Telewizja publiczna ma ponad 1,5 mld dochodu. Najwięcej – bo prawie 700 mln – pochłania program (wydatki na produkcję własną, produkcję krajową zewnętrzną oraz produkcję zagraniczną). Asa w rękawie ma więc ten, kto ma wpływ na decyzje programowe. Nic więc dziwnego, że jednym z pierwszych ustępstw Ryszarda Pacławskiego, prezesa ds. programowych, było przekazanie Dworakowi kontroli nad Agencją Filmową. Po zawieszeniu Pacławskiego prezes wziął pod swoją kuratelę cały program, w tym wpływ na rozdzielanie kontraktów dla producentów zewnętrznych. Choć Dworak, podobnie jak Grzywaczewski i Dejmek, pozbyli się udziałów w swoich firmach, ich relacje ze środowiskiem pozostały. Mimo że mamy do czynienia z bliskimi związkami kierownictwa z producentami, zarząd do dziś nie przyjął czytelnych instrukcji współpracy z producentami zewnętrznymi. Brak procedur rodzi podejrzenia. A w grę wchodzą ogromne pieniądze. Jak wynika z naszych informacji w 2004 r. sama była firma dyr. Macieja Grzywaczewskiego (Profilm) otrzymała z telewizji 1 mln 366 tys. zł. To kwota na produkcję „Od przedszkola do Opola” oraz „Wigilijnej Paczki”. Studio A (była firma prezesa Dworaka) dostało z TVP w ubiegłym roku 551 tys. zł (produkcja teleturnieju „Gra z cieniem” i programu „Pisklak”).
Jeszcze intratniejsze kontrakty dla byłych firm Dworaka i Grzywaczewskiego przewidziano w planie produkcji zewnętrznej na rok 2005. Łącznie produkcja niezależna wyniesie ponad 200 mln zł. Z tej sumy dla Studia A ma przypaść 1 mln 372 tys. zł za „Hotel pod żyrafą” oraz prawie 155 tys. zł na produkcję teleturnieju „Gra z cieniem”.
Dla Profilmu przewidziano natomiast 1 mln 440 tys. (produkcja „Od przedszkola do Opola”).
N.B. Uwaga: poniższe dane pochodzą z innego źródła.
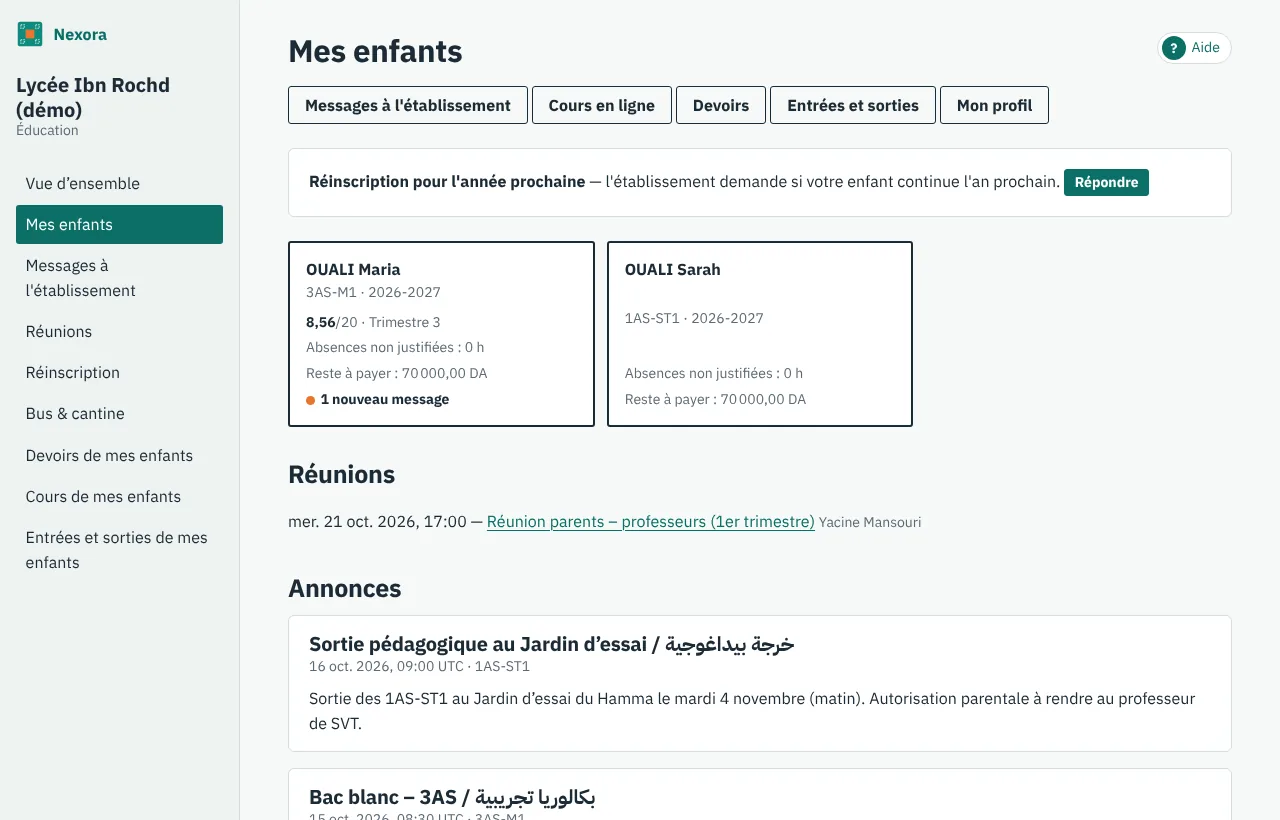 La page Mes enfants d'un parent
Warto podkreślić, że w 2001 r. Profilm za ten program dostawał niemal dwa razy mniej.
Byłe firmy Dworaka i Grzywaczewskiego nie należą jednak do potentatów. Na antenę telewizji publicznej trafili ludzie i programy będące niegdyś wizytówkami Telewizji Familijnej. W czubie produkcji niezależnej TVP znajdują się Maciej Pawlicki i jego firma Picaresque. W 2004 r. Pawlicki otrzymał z TVP ponad 1,2 mln zł. Picaresque realizowała dla TVP „Warto rozmawiać”, talk show „Bigosowa i szwagry”, „Stratosferę” oraz „Zacisze gwiazd”. Warto podkreślić, że programy te pojawiły się w ramówce dopiero pod koniec ubiegłego roku.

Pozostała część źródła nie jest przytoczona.